# THE TASK
Each entry below is to be reproduced exactly, though any pictures it holds must be omitted.

===== INPUT

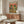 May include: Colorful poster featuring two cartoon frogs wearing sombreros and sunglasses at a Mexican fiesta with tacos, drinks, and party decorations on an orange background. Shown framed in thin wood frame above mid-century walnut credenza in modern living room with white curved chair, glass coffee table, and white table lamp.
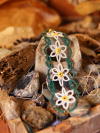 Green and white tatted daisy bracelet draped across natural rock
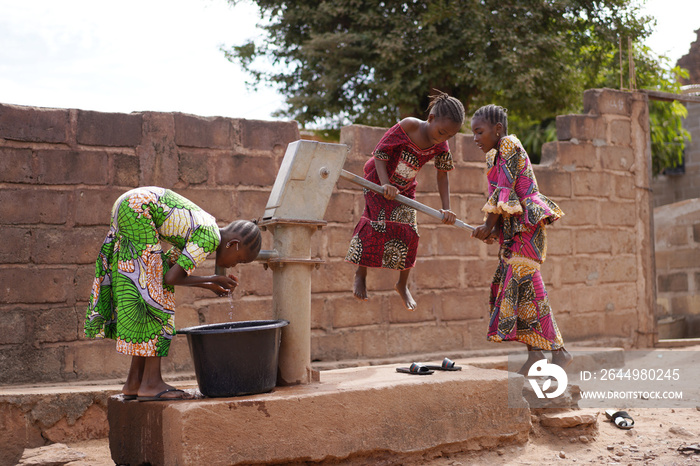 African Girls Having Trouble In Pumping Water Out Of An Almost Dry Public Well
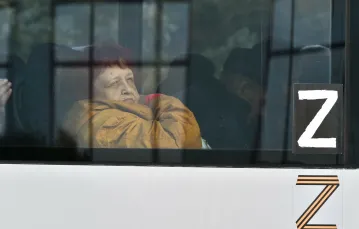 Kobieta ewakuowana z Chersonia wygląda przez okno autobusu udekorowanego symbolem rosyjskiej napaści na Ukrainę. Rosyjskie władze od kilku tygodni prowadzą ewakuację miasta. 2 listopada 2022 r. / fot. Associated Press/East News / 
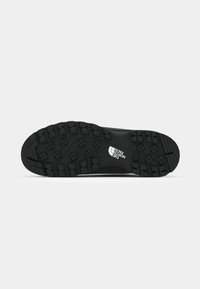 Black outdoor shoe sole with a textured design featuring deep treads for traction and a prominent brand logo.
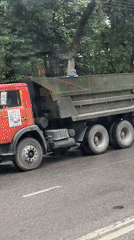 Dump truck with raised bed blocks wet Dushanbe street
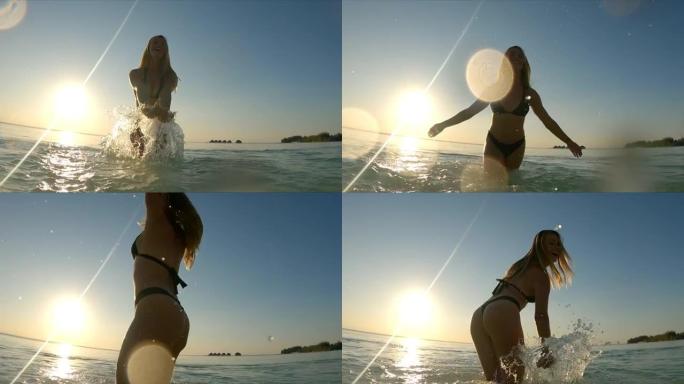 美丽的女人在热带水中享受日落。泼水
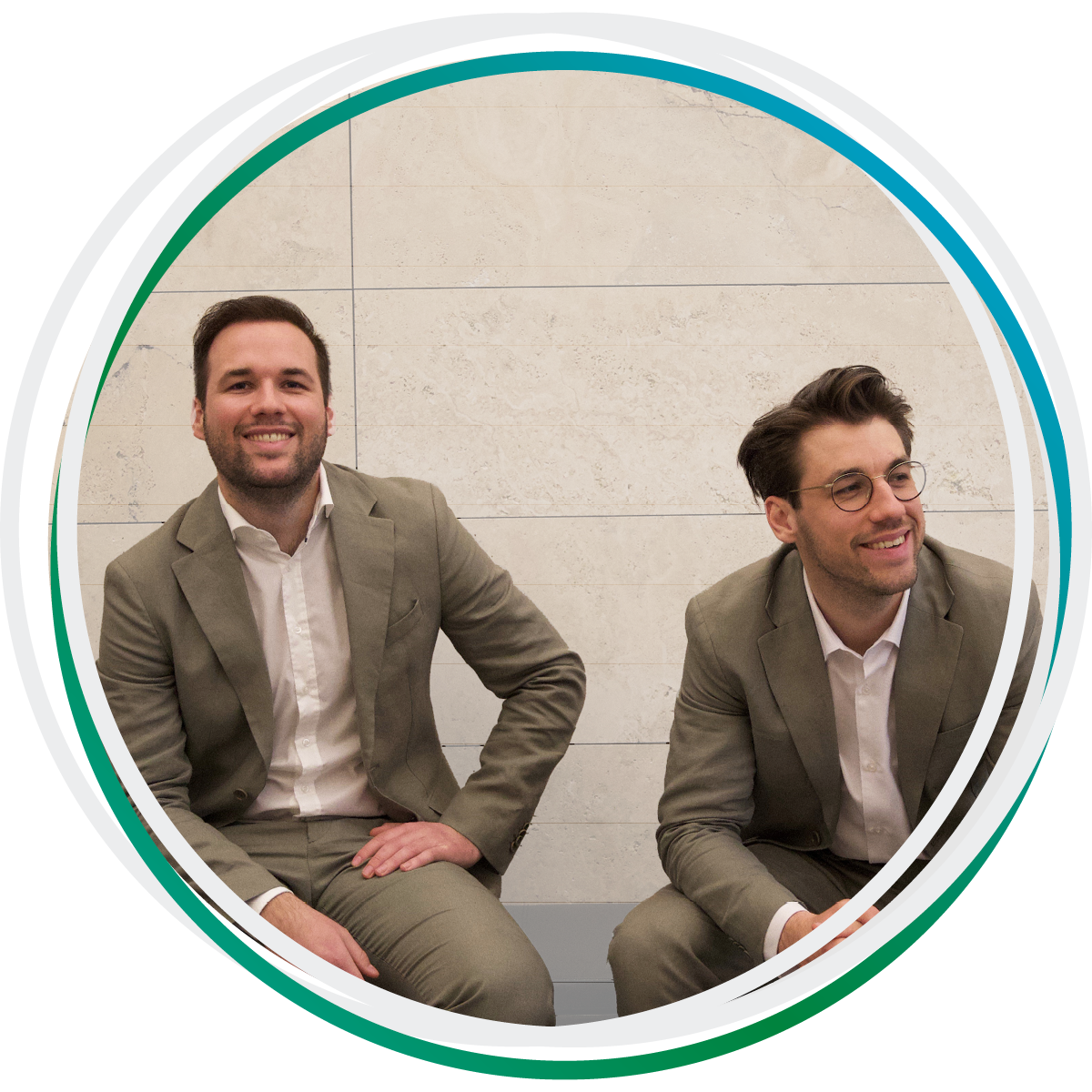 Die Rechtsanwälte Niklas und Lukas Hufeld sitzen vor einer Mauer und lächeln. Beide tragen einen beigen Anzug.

==========

# SOLVED EXERCISE
 May include: Colorful poster featuring two cartoon frogs wearing sombreros and sunglasses at a Mexican fiesta with tacos, drinks, and party decorations on an orange background. Shown framed in thin wood frame above mid-century walnut credenza in modern living room with white curved chair, glass coffee table, and white table lamp.
 Green and white tatted daisy bracelet draped across natural rock
 African Girls Having Trouble In Pumping Water Out Of An Almost Dry Public Well
 Kobieta ewakuowana z Chersonia wygląda przez okno autobusu udekorowanego symbolem rosyjskiej napaści na Ukrainę. Rosyjskie władze od kilku tygodni prowadzą ewakuację miasta. 2 listopada 2022 r. / fot. Associated Press/East News / 
 Black outdoor shoe sole with a textured design featuring deep treads for traction and a prominent brand logo.
 Dump truck with raised bed blocks wet Dushanbe street
 美丽的女人在热带水中享受日落。泼水
 Die Rechtsanwälte Niklas und Lukas Hufeld sitzen vor einer Mauer und lächeln. Beide tragen einen beigen Anzug.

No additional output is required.